TLDR: so just how short should your online article be?

This article is more than 8 years old
Jon Bernstein

While Quartz and Associated Press have shunned the archetypal 800-word article, the inverted pyramid and the infamous listicle are here to stay, writes Jon Bernstein

TLDR, as it appears on Twitter and other social networks, is sometimes followed by a brief and handy summary of an extended article to be found elsewhere. More often than not, however, TLDR is used as a snippy riposte to a piece deemed too lengthy for digital. TLDR? Too long, didn’t read.

In a world of 140 character tweets and five to six inch mobile phone screens, long is bad. Right? Well, maybe.

It’s certainly true that some publishers are thinking hard about word count. Take Kevin Delaney, editor-in-chief of business news site Quartz. He talked recently about the tyranny of the 800-word article. As a former Wall Street Journal journalist he’s written his fair share of stories at this length and he remains unconvinced.

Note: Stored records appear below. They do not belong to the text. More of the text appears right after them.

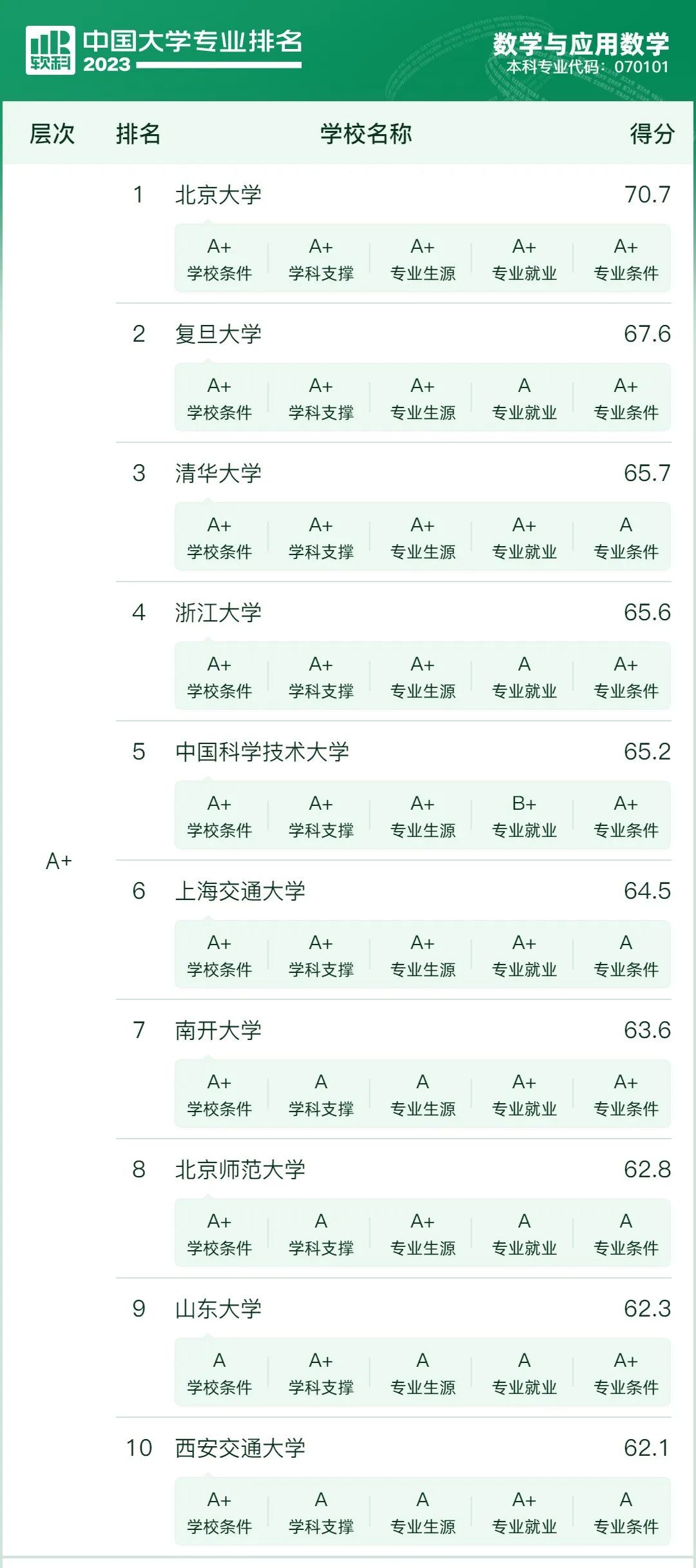 【新高考选专业】先苦后甜的10大专业,优势院校提前关注 第13张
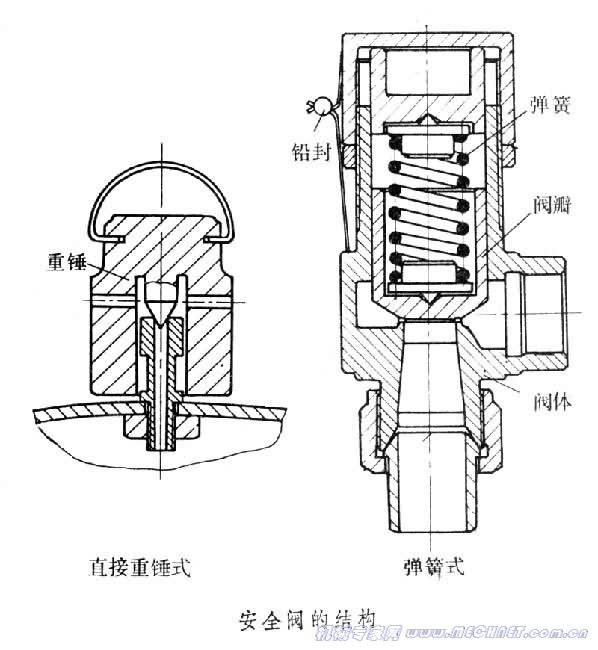 红宝石与安全阀阀帽与阀盖采用什么配合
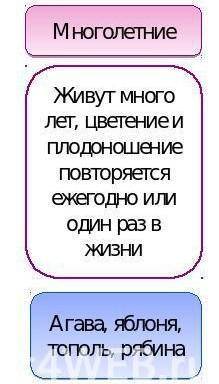 заполнить таблицу по биологии 7 класс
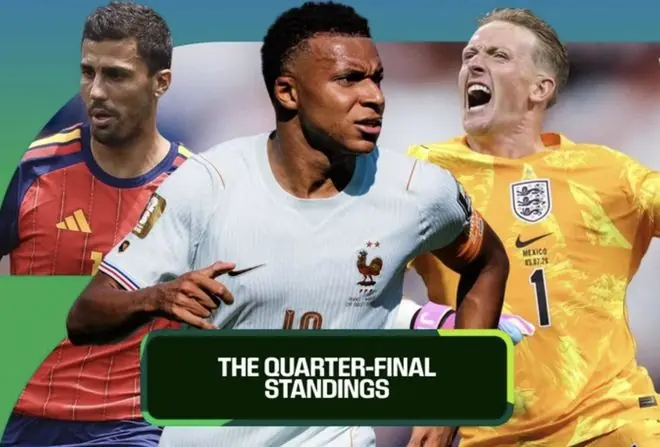 法国垄断FIFA实力榜:姆巴佩进攻第1梅西第3 1.5亿巨星创造力第1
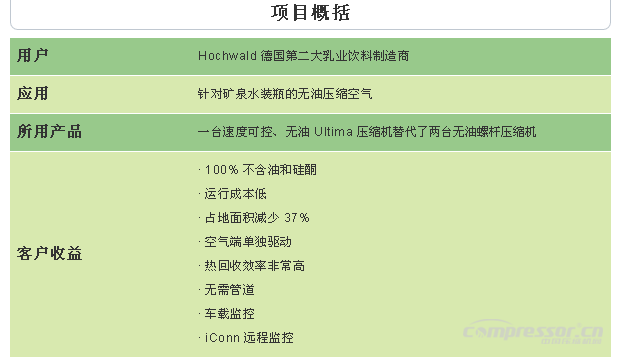 德國乳業(yè)巨頭高度評價Ultima壓縮機(jī)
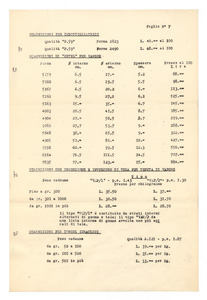 Listino articoli tecnici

He told Digiday: “A lot of the 800-word stories have been padded out with B matter. It’s called B matter because it’s B grade, not A matter, which is the focal point of the story.”

Delaney argues that readers tend to gravitate to “shorter stuff” online. “It doesn’t mean it’s unsubstantial. It just means it’s really clear about what’s interesting and focuses on that.”

This thinking is reflected in a decision Associated Press took last year. Its journalists were told to make their stories – with a few exceptions – between 300 and 500 words long. Why? “We need to be more disciplined about what needs to be said,” Kathleen Carroll, AP’s executive editor told the Washington Post. “We don’t do enough distilling and honing, and we end up making our readers do more work.”

Play those comments from Quartz and AP back again and it becomes clear that this isn’t really about length – it’s about execution. Long is not necessarily bad. Rambling is bad. A lack of structure is bad. Scant regard of the reader’s needs is bad. And an inability to distinguish between A and B matter is bad.

It’s why the inverted pyramid remains a useful model on which to craft story telling. Created for print to allow subeditors to cut copy from the bottom of an article with impunity, the inverted pyramid imposes a discipline on the writer. It dictates that the most newsworthy information leads, followed by the important details and finally the general information and background (what Delaney calls B matter).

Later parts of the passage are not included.